Все ли великие дирижеры соответствуют требованиям для поступления на дирижерский факультет? Нет. Как такое возможно? Ответ на этот вопрос возвращает нас к загадкам и противоречиям дирижерского искусства.
Да, надо уметь читать ноты и слышать их. Однако кроме дирижеров, которые постоянно останавливают оркестр, чтобы исправить ту или иную деталь, есть и иные, которые доверяют музыкантам исправлять всё самостоятельно. В интервью 1958 года сэр Томас Бичем описал свой рабочий процесс так:
«Есть только один способ отрепетировать симфоническое произведение, который я и использую… я играю всё от начала и до конца — всю благословенную вещь. Оркестр, естественно, делает несколько ошибок. Я играю во второй раз. Оркестр не делает ошибок. Затем я беру несколько трудных моментов — и точно указываю на них, подчеркиваю их, повторяю три или четыре раза. Всё, я готов к выступлению».
Такой подход работает с некоторыми оркестрами, потому что вызывает чувство общей гордости и доверия. Но в случае с другими коллективами поступить так — значит обречь себя на неудачу.
Подготовка партитуры — процесс сугубо индивидуальный. Великий дирижер и импресарио Сергей Кусевицкий, например, испытывал трудности при чтении нот и нанимал двух пианистов, чтобы они играли ему произведения во время подготовки к репетициям. Какие-то дирижеры помечают ноты разными цветами, выделяя определенные вещи: важную мелодию или место вступления инструмента, который какое-то время не играл; другие просто делают пометки карандашом, вставляя информацию, полученную во время изучения партии или необходимую для выступления. Некоторые порой пишут названия образующихся аккордов внизу страницы. В конце концов, каким бы ни был природный талант, дирижер должен прийти к моменту, когда нужно встать перед большой группой людей и завоевать их доверие и уважение.

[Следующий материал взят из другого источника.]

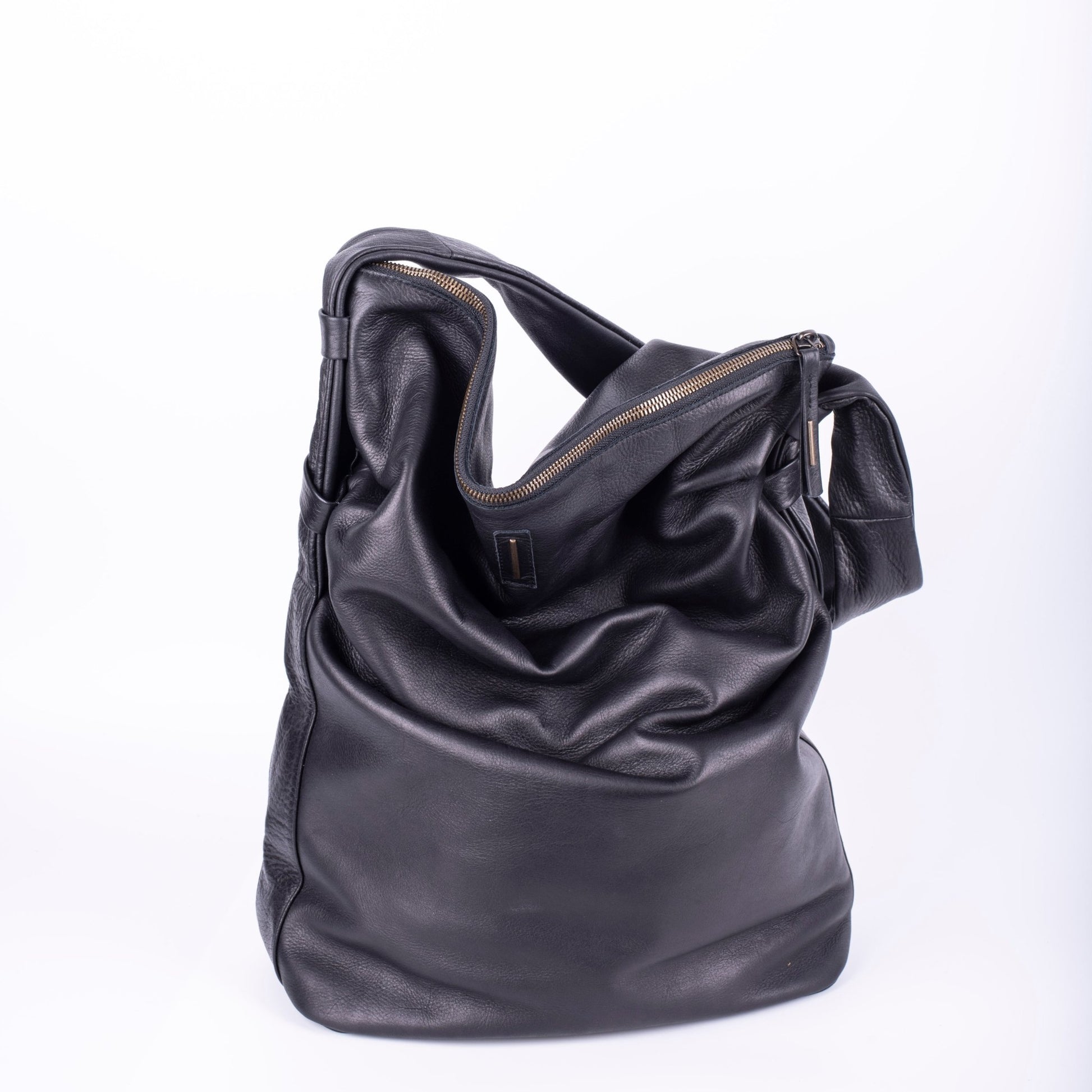 Mandy mousse nero - morbida borsa a tracolla in pelle nera - Marta Ray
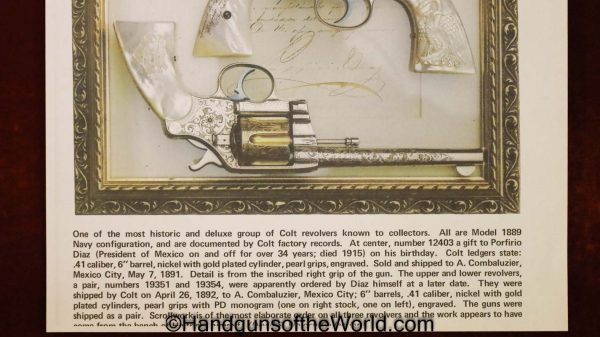Colt Model 1889 Navy Revolver, .41 caliber with Porfirio Diaz Entourage Provenance - Image 52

Учить и читать — это, конечно же, две разные вещи. Пометки Леонарда Бернстайна в нотах ясны и недвусмысленны. Он использовал двуцветный красно-синий карандаш. Эти карандаши появились в Европе и использовались бухгалтерами: красным цветом те записывали поступающие суммы, синим — расходы. Бернстайн подражал Малеру, который помечал свои ноты красным и синим. Синий показывал, куда нужно посмотреть, дирижируя на репетиции или выступлении, а красный обозначал изменения, которые он хотел внести в печатный нотный текст: изменения в динамике, оркестровке, темпе.
Малер был непоследователен в использовании синего и красного, в отличие от Бернстайна. Тот говорил, что всё, помеченное красным, можно отослать библиотекарю оркестра и добавить в партии, чтобы пожелания дирижера были известны до того, как начнутся репетиции. Подозреваю, он делал это еще и для того, чтобы показать студентам, как строился его индивидуальный стиль, чтобы они могли изучить его партитуру с пометками, так же как он изучал партитуры Бруно Вальтера и Артуро Тосканини в библиотеке Нью-Йоркского филармонического оркестра. Более того, как я говорил выше, Бернстайн содержал собственную нотную библиотеку с партитурами, которые он часто использовал, — чтобы в них не внес изменения никакой другой дирижер.
Кроме того, как и Малер, Бернстайн помечал синим карандашом музыкальные фразы — обычно по четыре такта, но иногда по три, два, пять или шесть. Это придавало его партитуре вид метаструктуры с частями, более широкими, чем такты. Благодаря ей он мог сразу увидеть всю страницу и вспомнить важные моменты, а потом перевести взгляд с нот на оркестр. А еще, размечая партитуру, Бернстайн делал ее индивидуальной. Так поступаем мы все. Каждая страница становится личной, и это прежде всего обеспечивает дирижеру ощущение собственной значимости при обращении к оркестру.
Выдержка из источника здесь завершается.